We will only adopt CBDCs if we’re forced to. And if we’re forced to, that will be the day we say goodbye to our financial privacy. Like they say in the clip, freedom of speech doesn’t count for anything if they can freeze all your assets without a reason. Crypto is our backdoor to prevent the government from having too much control. We can’t let CBDCs be their front door back inside, or this whole thing is a house of cards. Speaking of bets, it looks like the GDP numbers are coming in soon, and the markets are falling apart as a result. Let’s pass it off to Frankie Candles for a market watch. Let’s see what happened to Bitcoin and other altcoins. Thanks, Ben. Alright, guys. Let’s jump in and do a little market watch here. We’ve got Bitcoin coming in at $21,608. Down about 4.6% on the day We’ve got Ethereum coming in at $1,469. Down about 8% on the day Now, guys, I want to bring you over to the chart really quick just to show you what we’re dealing with right here. We are coming down to a very important area of support, and that is this Value Area High at about $21,541.
Now, if we don’t see price get a strong bounce off of this level and we break back below this Value Area High, it is likely that we will continue down to this point of control at about $20,500. Now, there is also a local golden pocket here, so it is making it a very strong level. So, there you go, guys. That is what we’re looking at.

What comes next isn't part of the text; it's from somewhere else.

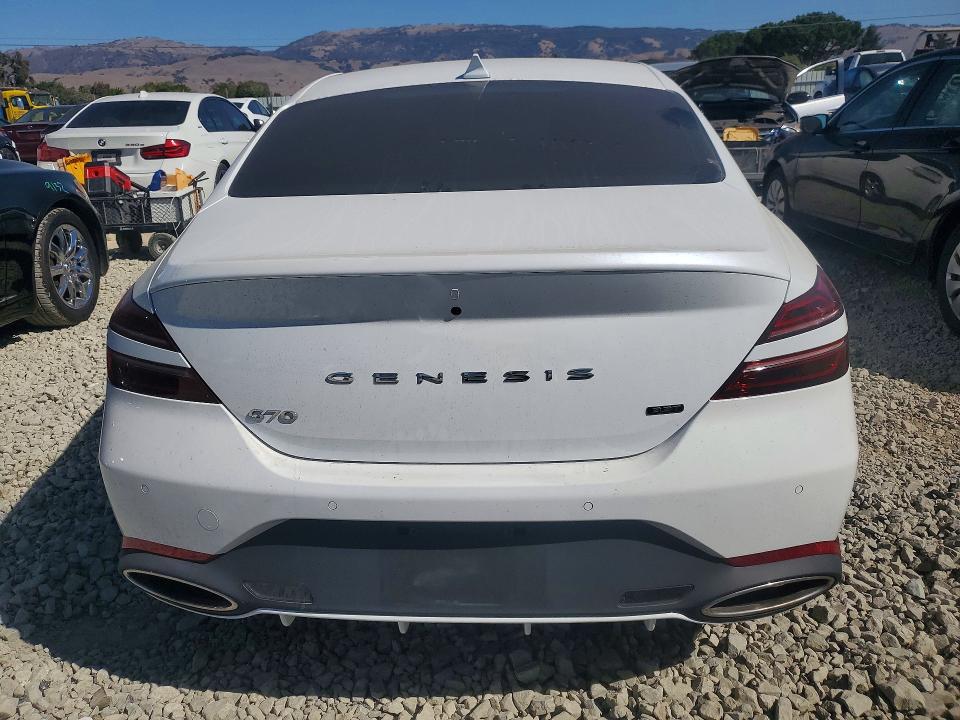 Продаж на аукціоні авто 2022 Genesis G70, vin: KMTG54TE9NU096551, номер лоту: 71782026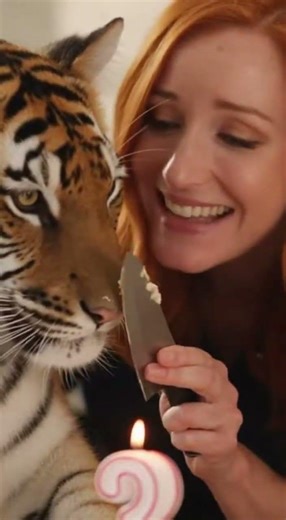 Tiger Gets Jealous When I Cut His Birthday Cake! | Funny Animal Reaction Goes Viral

The Mother Teresa of Crypto FTX’s Sam Bankman-Fried has been a helping hand to several crypto platforms that have gone insolvent this bear market. But now, one of those platforms is questioning the true nature of Alameda’s altruism. A few days ago, FTX sent Voyager a proposal to purchase their crypto assets and loans, except for the loans to the bankrupted hedge fund Three Arrows Capital. This proposal will also offer early liquidity to all the customers stuck between a rock and a hard place from Voyager’s insolvency. This would allow those customers to make an FTX account and get at least some of what they lost since Voyager can’t pay it all back due to their exposure to Three Arrows Capital. SBF posted a long-winded Twitter thread with colorful language about how long these cases take, how the customers assets will be frozen for a very long time, how his offer would at least give them back the rest of what Voyager has left.
Voyager’s lawyers filed a document to bankruptcy court last night saying that FTX’s offer is a misleading publicity stunt that’s a low-ball bid dressed up as a white knight rescue. It should be noted that Voyager filed for a Chapter 11 bankruptcy, which is a way they can keep operating so they can restructure and pay back what they owe. So, instead of relieving their customers who got screwed over, they would rather rebuild a company that lost all trust instead of going out with an ounce of integrity. I personally don’t care if Voyager stays around. I don’t care if they get low-balled. Beggars cannot be choosers. What I do care about are the people who trusted them and who are left on the sidelines without their crypto. They should be put first. And if they were the priority from the start, none of this would have gone down in the first place. Once again, guys, this is why having a Ledger, having a cold storage wallet is the best thing you can do to protect yourself from this.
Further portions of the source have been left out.